Im September 2006 suchte der Schüler Kenneth Purvis den Schuldirektor der Jena High School auf und bat ihn um Erlaubnis, sich unter den »weißen Baum« setzen zu dürfen. Der Rektor antwortete, er könne sich hinsetzen, wo immer es ihm gefiele. Also setzten sich Kenneth und weitere schwarze Mitschüler in den Schatten des großen Baumes. Am nächsten Morgen zierten den Baum drei Schlingen in den Traditionsfarben der Schule. Im Süden, aber auch im Norden der USA vermitteln Schlingen eine sehr deutliche Botschaft: Derjenige, für den sie aufgehängt werden, wird mit dem Tode bedroht. Viele nichtweiße Schüler werteten die drei Schlingen genau so und reagierten aufgebracht, wütend oder verängstigt. Auch der Rektor nahm die Sache ernst, stellte eine Untersuchung an und fand heraus, daß weiße Schüler die symbolträchtigen Schlingen am Baum angebracht hatten. Drei Schüler wurden mit sofortiger Wirkung der Schule verwiesen. Der zuständige Schulrat war allerdings anderer Meinung. Er hob den Schulverweis wieder auf und verhängte über die drei Schüler nur einen dreitägigen Ausschluß vom Unterricht. Gegenüber der Chicago Tribune erklärte der Beamte jovial: »Pubertierende Jugendliche spielen anderen gern mal einen Streich. Ich glaube nicht, daß sie irgendwen bedrohen wollten.«
Für Jenas schwarze Gemeinde war das ein Schlag ins Gesicht, den sie nicht hinnehmen wollte. Die schwarzen Schüler der Highschool beschlossen, unter dem »weißen Baum« ein Sit-in abzuhalten, um gegen die lasche Behandlung der drei rassistischen Mitschüler zu protestieren. Als die Nachricht sich wie ein Lauffeuer im Ort verbreitete, besuchte der leitende Bezirksstaatsanwalt eine Schulversammlung, auf der die aktuelle Lage besprochen wurde. Er hatte gleich ein paar Polizisten mitgebracht, um die Schüler einzuschüchtern, die jetzt zu Protestformen griffen, mit denen die schwarze Bürgerrechtsbewegung vor vierzig Jahren überall in den Südstaaten für gleiche Rechte kämpfte. Der Staatsanwalt baute sich vor den Schülern auf und drohte ihnen, wenn sie nicht aufhörten, wegen dieses »Streiches« so einen Wirbel zu machen, dann würden sie sich ihn zum »schlimmsten Feind« machen. Um keinen Zweifel aufkommen zu lassen, was er meinte, hängte er noch dran: »Ein Wink von mir genügt, und euer Leben ist keinen Pfifferling mehr wert!«
Wenige Tage später wurde ein weißer Schüler der Jena Highschool, der für seine rassistischen Sprüche und Beleidigungen bekannt war, niedergeschlagen und mit Fußtritten traktiert. Er wurde ins Krankenhaus gebracht, untersucht und nach Behandlung seiner Blessuren nach Hause geschickt.

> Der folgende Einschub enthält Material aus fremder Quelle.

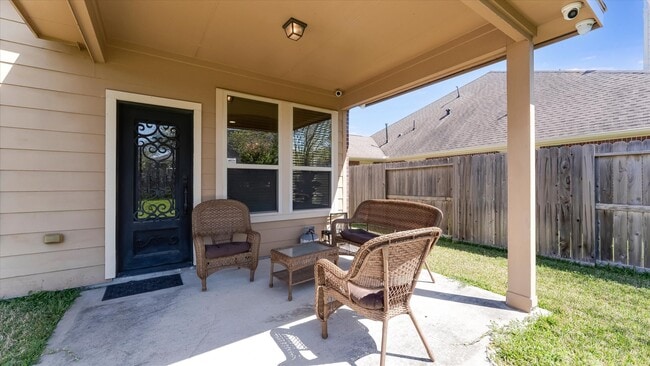 Building Photo - 17915 Quiet Loch Ln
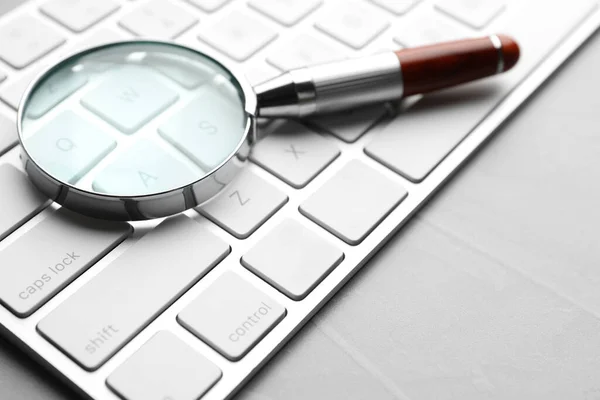 Magnifier Glass Keyboard Light Grey Stone Background Closeup Find Keywords — Stock Photo, Image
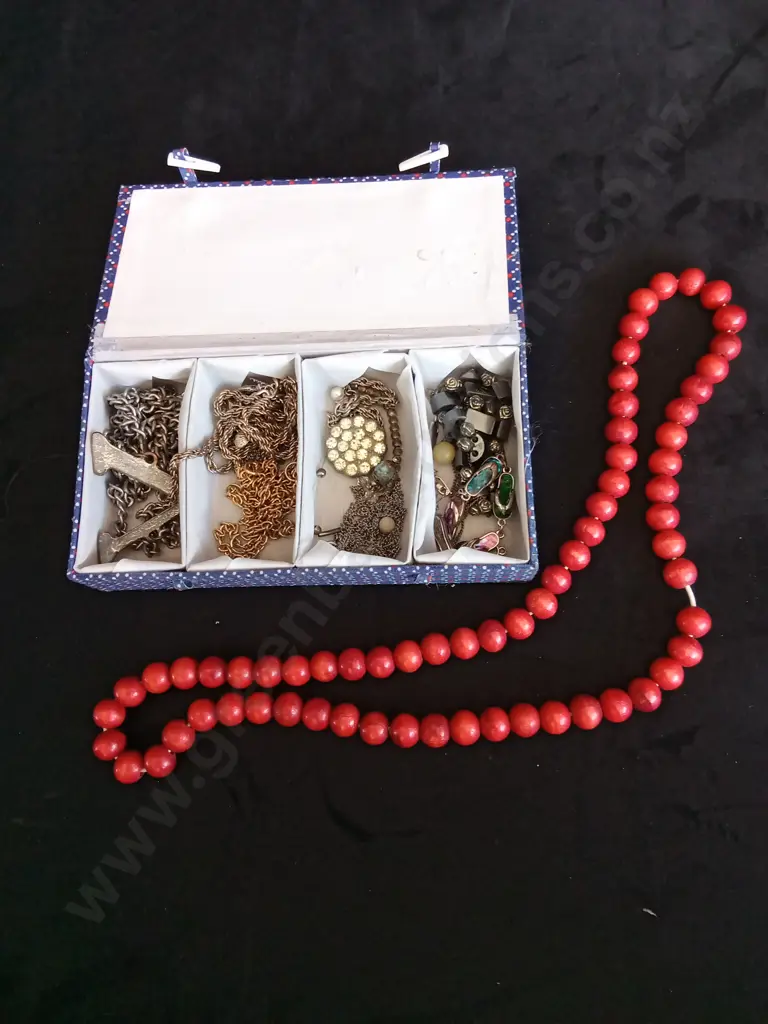 BLUE JEWELLERY BOX FULL OF COSTUME JEWELLERY Image 1++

Schon nach wenigen Tagen wurden sechs schwarze Schüler verhaftet und wegen versuchten Totschlags angeklagt. Alle sechs erhielten einen sofortigen Schulverweis, den der Schulrat nicht wieder aufhob. Ihre Kautionen wurden mit Beträgen zwischen 70000 und 139000 US-Dollar ungewöhnlich hoch angesetzt. Für Eltern aus der schwarzen Gemeinde unbezahlbar. Das bedeutete natürlich, daß die sechs Jugendlichen die Monate bis zu ihren Prozessen im Gefängnis verbringen mußten. Und wenn die Eltern schon kein Geld für die Kaution hatten, war erst recht nichts da, um Anwälte ihres Vertrauens bezahlen zu können. Folglich bestellte das Gericht vom Staat bezahlte Pflichtverteidiger.
Für Michael Bell, gegen den zuerst verhandelt wurde, war das so, als wäre er ohne Verteidiger vor die nur aus Weißen bestehende Jury getreten. Diese sprach ihn auch prompt des versuchten schweren Totschlags in Tateinheit mit Körperverletzung und Verschwörung zu einer Straftat schuldig. Das kann zur Folge haben, daß der Teenager demnächst zu einer Gefängnisstrafe von bis zu 22 Jahren verurteilt wird. Der Pflichtverteidiger hatte weder die Zusammensetzung der rein weißen Jury gerügt, noch irgendeinen Beweisantrag gestellt. Er hatte auch keine Entlastungszeugen präsentiert. Der Vorwurf des schweren Totschlags setzt eigentlich voraus, daß man sein Opfer mit einer Waffe angegriffen hat. Welche Waffe sollen die sechs Schüler nach Meinung der Staatsanwaltschaft eingesetzt haben? Ihre Tennisschuhe!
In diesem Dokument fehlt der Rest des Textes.